When I was trying to think up what to drink, I saw my little pot for nongxiang tieguanyin. It’s been underused this year… so, why not, I still have some of that tea.
I brewed it simply, filling the pot about a quarter full, and then just going through the motions. About 6 or 7 infusions later, the tea was done. It’s a tiny pot, so each cup takes only a little time to drink. I can be done with it in half an hour.
The tea was fine, not great, as it is pretty low grade stuff. It’s also been aged just a little. There is also a slight note of sourness, although managed properly it won’t show up at all. When I was done with the tea though, I felt dissatisfied… I think the infusion after infusion of puerh is, in some ways, quite nice, and an oolong, especially a tieguanyin or the like, just don’t cut it.
Looking at the wet leaves, I have my suspicion that this is a pretty thoroughly mixed tea, with some benshan involved, if not mostly benshan. I am terrible at telling apart the various varietals that are used in these mixtures, and it is not a surprise that almost nobody will label their tea benshan, or maoxie, or something other than tieguanyin. I really ought to go to a reputable store and learn. Yet… it’s a difficult question to ask. “Do you have benshan?” Sometimes I think even the vendors don’t know what they’re selling.

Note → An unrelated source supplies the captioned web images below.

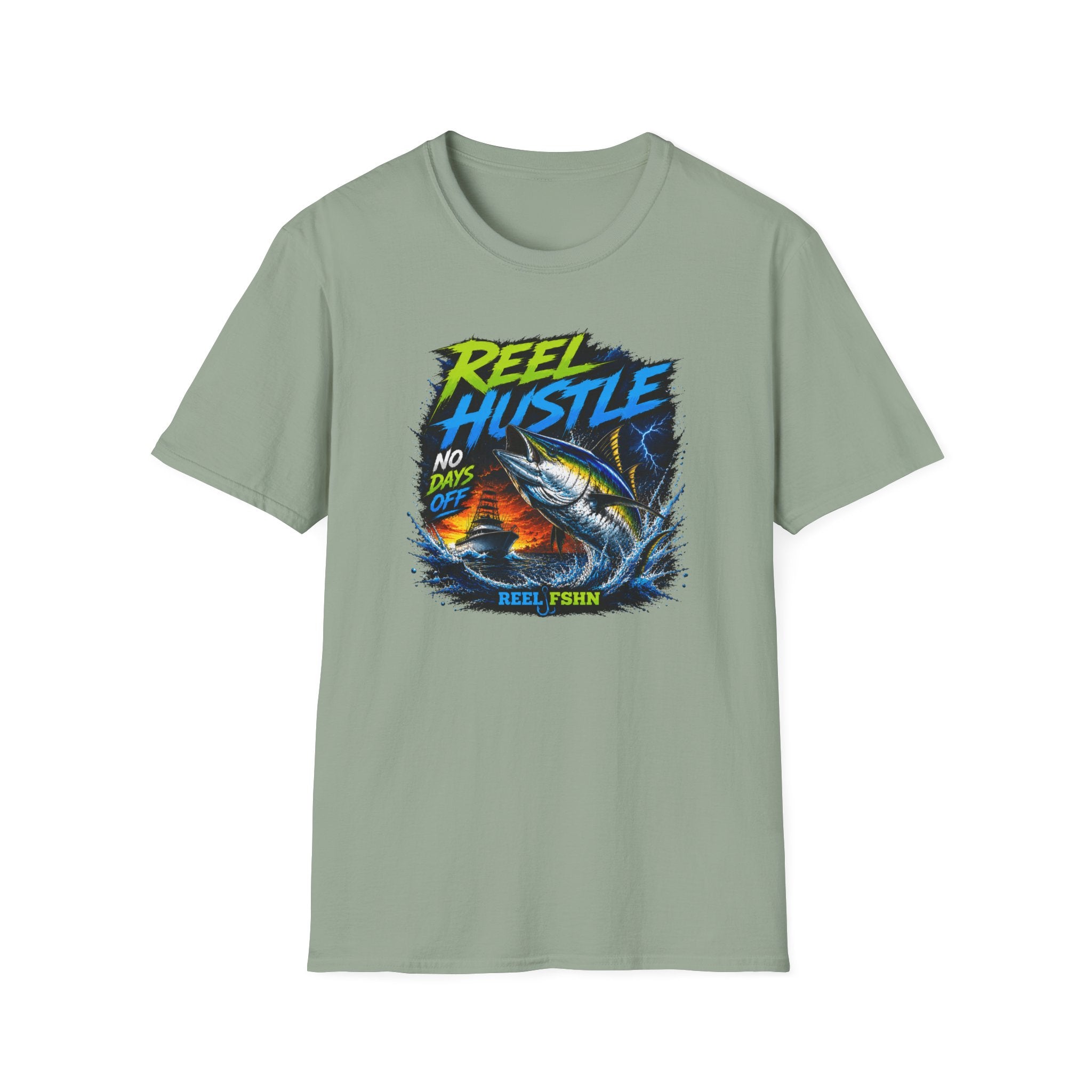 REEL Hustle No Days Off T-Shirt
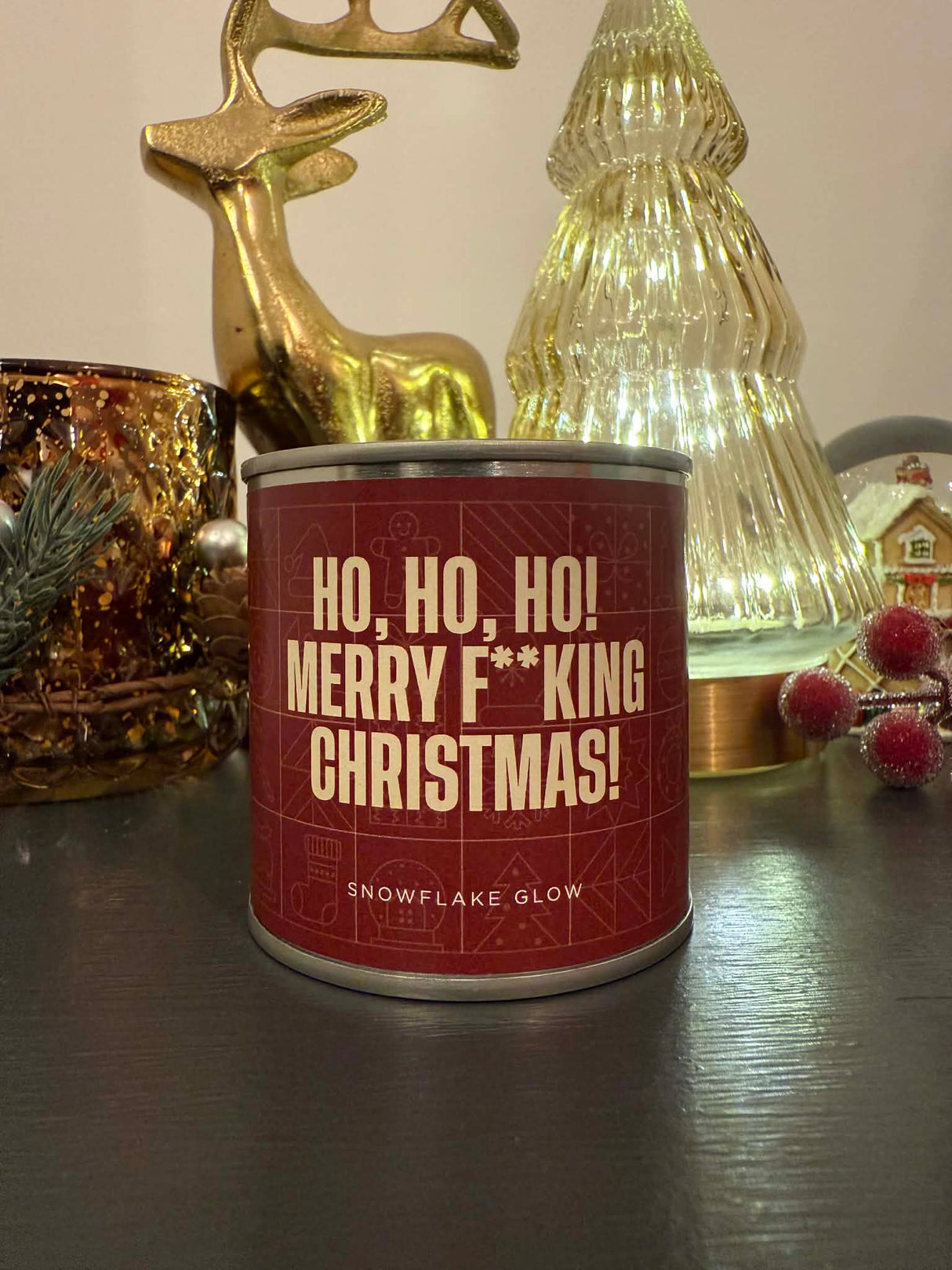 Cheeky Little Candle - Snowflake Glow - Scented Christmas Candle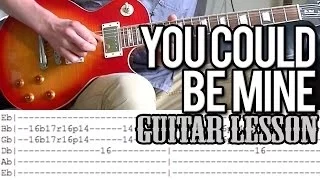 Guns N'Roses - You Could Be Mine Full Lesson (With Tab!)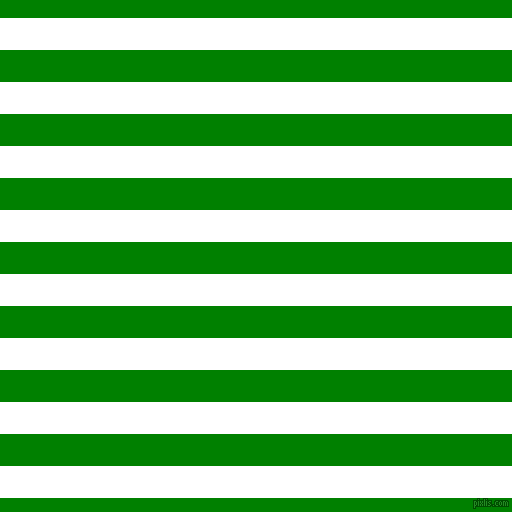 horizontal lines stripes, 32 pixel line width, 32 pixel line spacing, White and Green horizontal lines and stripes seamless tileable
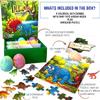 Bath Bombs for Kids with Surprise Toys Inside Plus Dinosaur Puzzle - Set of 9 Organic Dino Egg Bath Bombs with Rich Bubbles, Birthday Gifts for Kids view 2
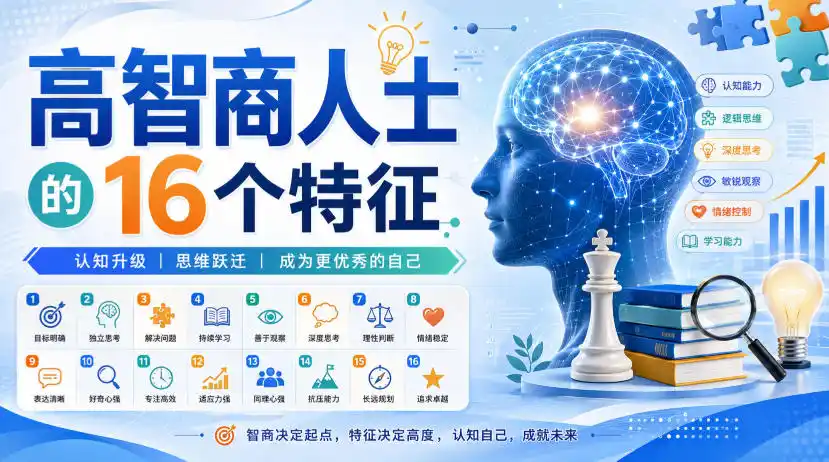 付费文章：高智商人士的16个特征-来缘阁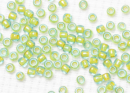 Бисер Япония круглый 11/0 10г 0307 морская вода/желтый, окрашенный изнутри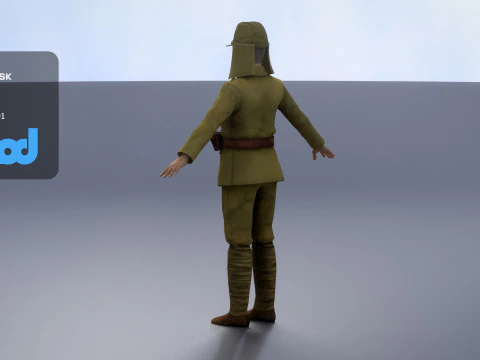 日本兵 3Dモデル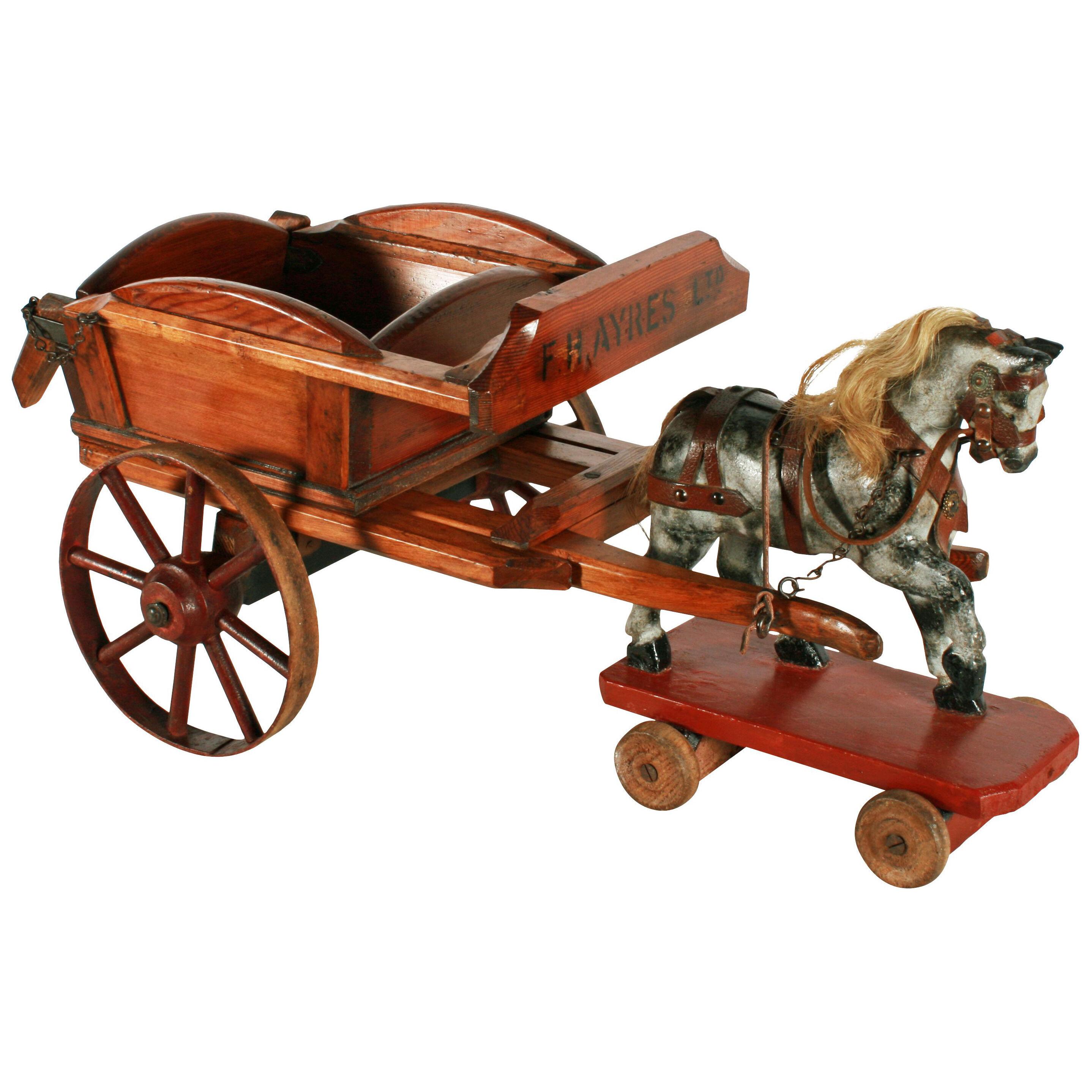 Ayres Ltd Toy Horse & Cart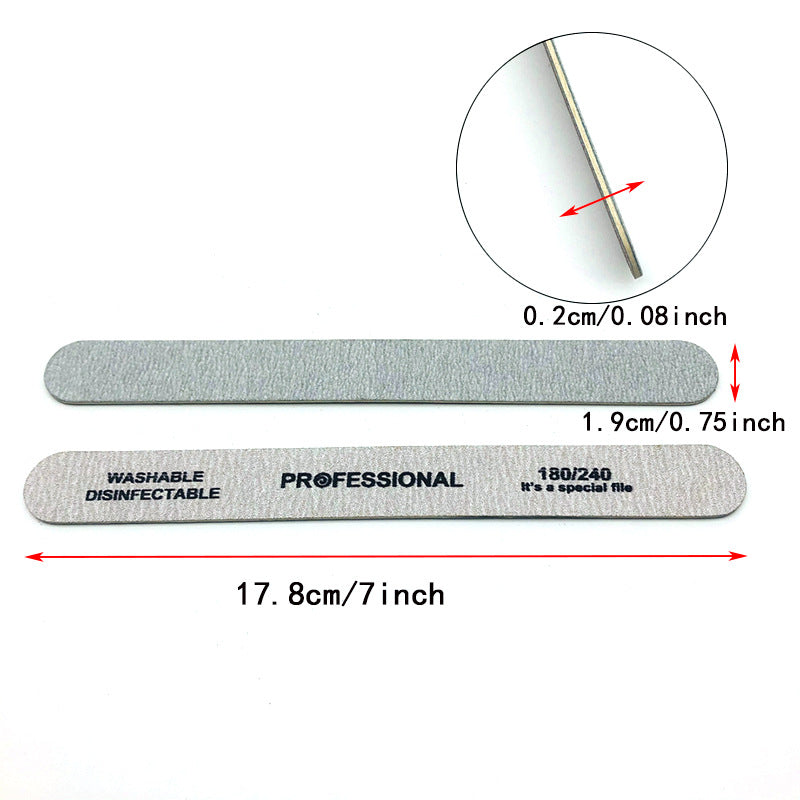 Wood Chip File Veneer Nail Rubbing Double-sided Shaping Sanding Strip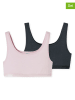 Schiesser 2er-Set: Bustiers in Rosa/ Dunkelblau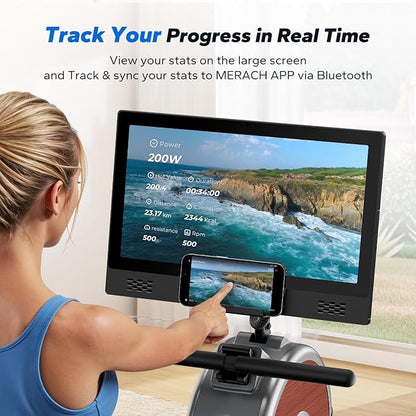 MERACH Rowing Machines for Home, Magnetic Rowing Machine with 16 Levels, Rower Machine of Quiet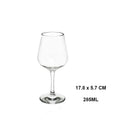 Verres a vin incassables sans pied lave vaisselle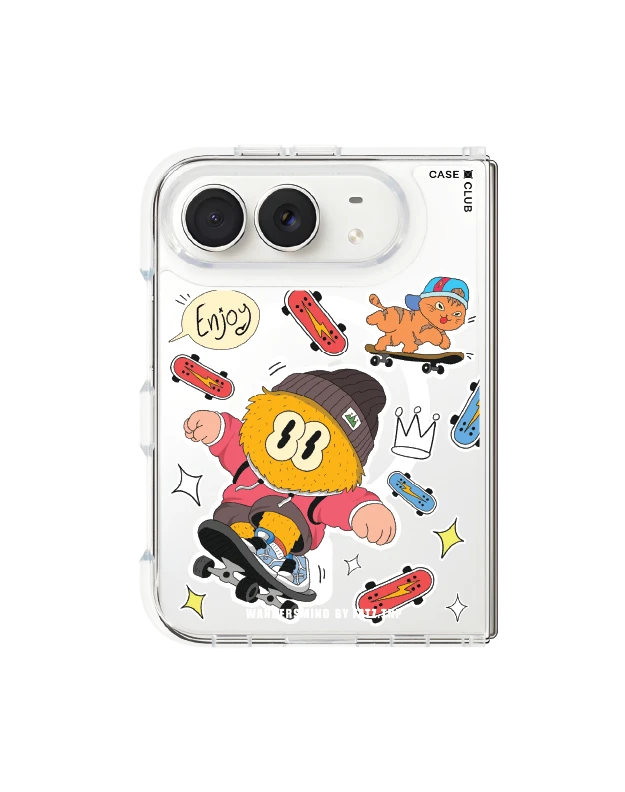 iphone duo clear magsafe wandersmind sticker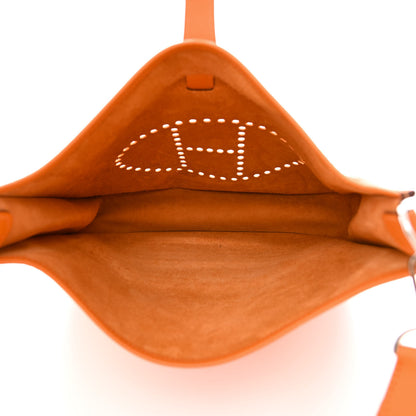 Hermes Epsom Evelyne II GM Orange 5 of 13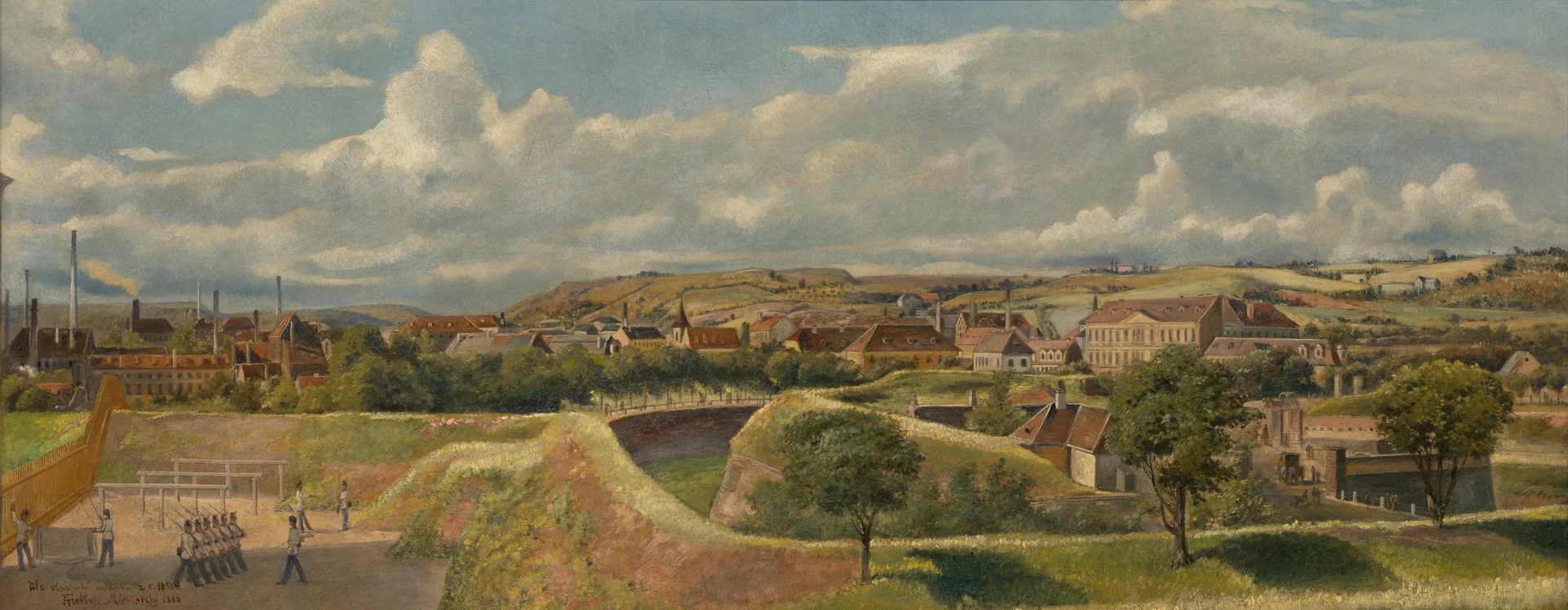 Náhledový obrázek předmětu Pohled na Smíchov roku 1855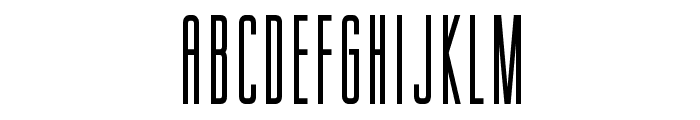 Gorgio Condensed Bold Font UPPERCASE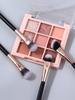 4Pcs Eyeshadow Brush Set Black Gold Wood Handle Soft Non-Shed Bristle For Blending Shading Highlighting Daily Makeup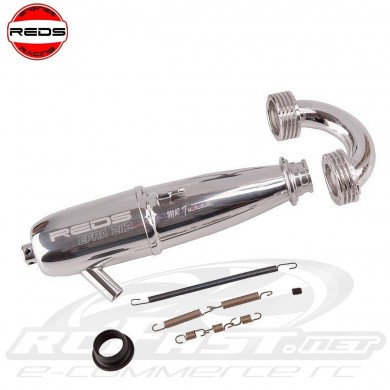 Pipa In-Line 2113 GT + Cotovelo Curto .21 REDS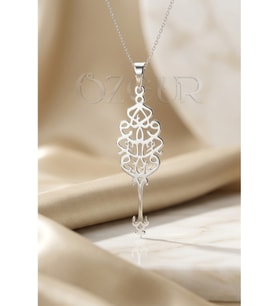 925 Ayar Gümüş Ya Vedud Kolye
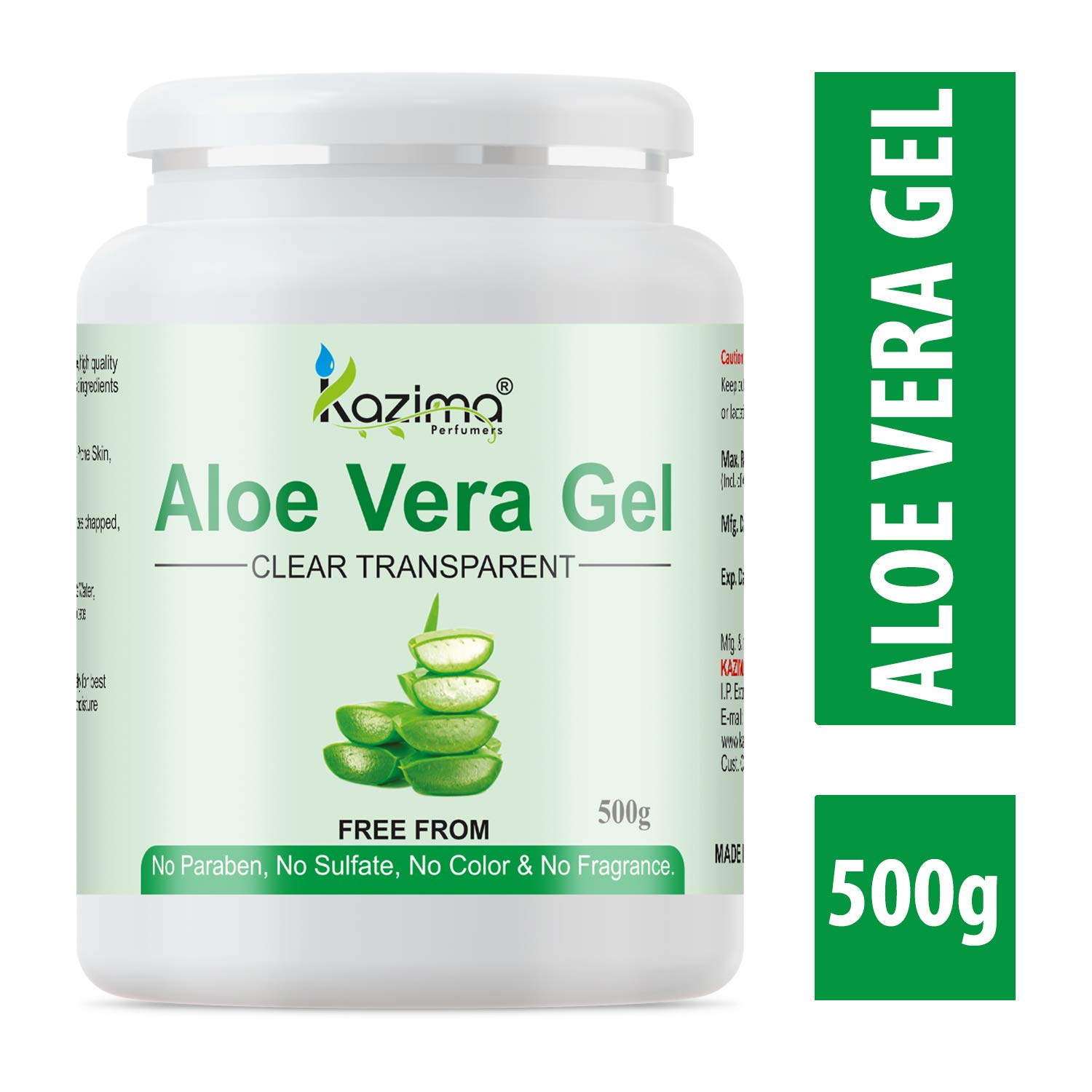 KAZIMA Aloe Vera Gel Raw 100 Pure Natural Gel Ideal for Skin, Face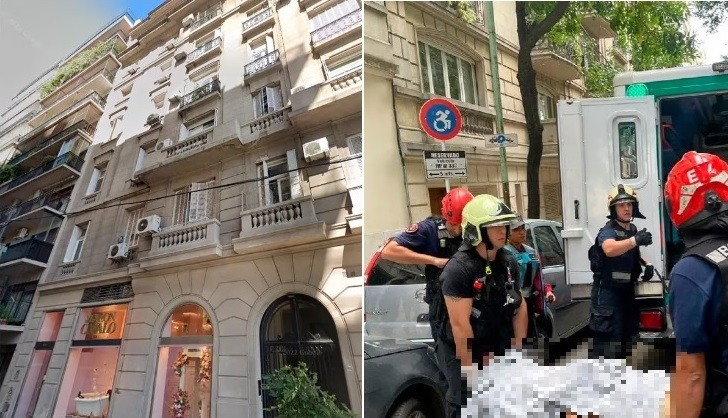 Detuvieron al empresario que estaba con la mujer que murió al caer de un sexto piso en Buenos Aires | Información General
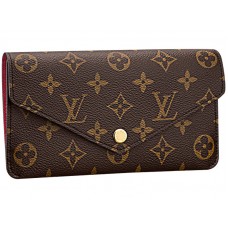 Portafoglio Jeanne in tela Monogram Louis Vuitton Bordeaux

I did conduct an experiment today — I brewed the tea again, using fresh leaves in a gaiwan, and then pouring it into a fairness cup. Half went into my drinking cup, while the other half went into the now empty pot. I wanted to see if I could tell any difference between the two. I must say that it seems the tea that went through the pot comes out a little softer, and a little of the edge seemed to have been taken off. Yet, I wonder if it’s placebo. I really ought to do a blind test.